It’s a set of 11 stories about a small group of realistic characters. First are Lieutenant Arinna Prescot, who meets a diplomat, Baron Bryan Vasquez, in Spain. Their conversation, which opens the story, skillfully sets the stage of the whole series. We learn that by 2055, the United States is under military law, beset by famine and riots. Climate change has brought storms that even the Americans could not recover from. Arinna’s and her husband, Air Force Captain Michael Prescott, have been sent to Europe in order to help rebuild the diplomatic relationship between the “New States” and the united Europe.

The characters are the best element of this very strong book. Sure, some of them are pretentious blowhards, some are conceited jerks, and some are hopeless romantics. But we all know some people like that. I don’t like all the characters, but I believe in all of them.

The stories are episodes in the lives of these characters, and each episode develops their relationships. These relationships drive the plot, or rather, its exposition. We see this new war that develops and how it affects each individual.

One of the few weakness is that the “enemy” is never clearly identified.

The U.S. was destroyed by repeated storms and famine, but soon after the Prescots’ arrival in Europe, a mysterious organization called the Freedom Liberation Front strikes the U.S. and completes its destruction.

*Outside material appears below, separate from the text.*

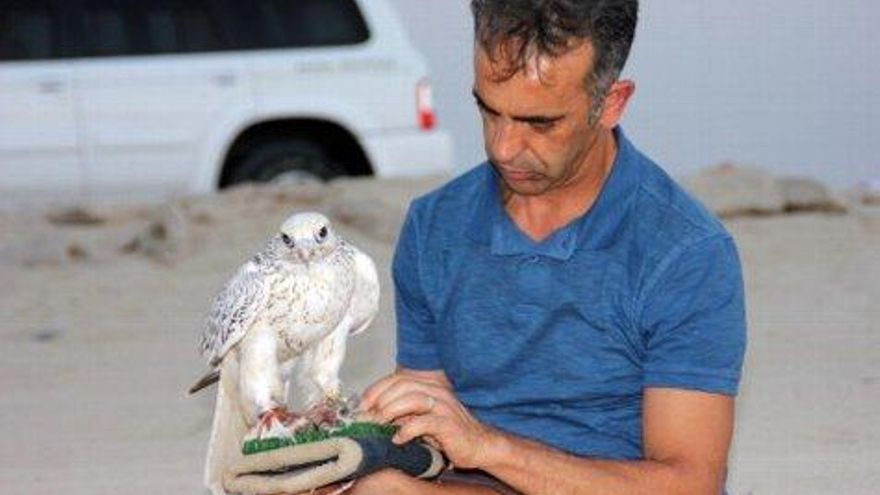 ICAL Pérez Guerra, natural de La Virgen del Camino, cría desde hace más de un año la colección privada de halcones del rey Sheikh Sultan Bin Zayed Al Nahyan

The Prescots calculate their chances and join the EU, rising in NATO’s military as the FLF turns on Europe.

Throughout the book, the FLF remains distant and shadowy. It’s not until probably four-fifths of the way through the book that the POV characters come face-to-face with the enemy, and even then they’re not that close. It helps to make the enemy that much more sinister, but it is frustrating not to know what they really want.

Overall, I enjoyed reading this book.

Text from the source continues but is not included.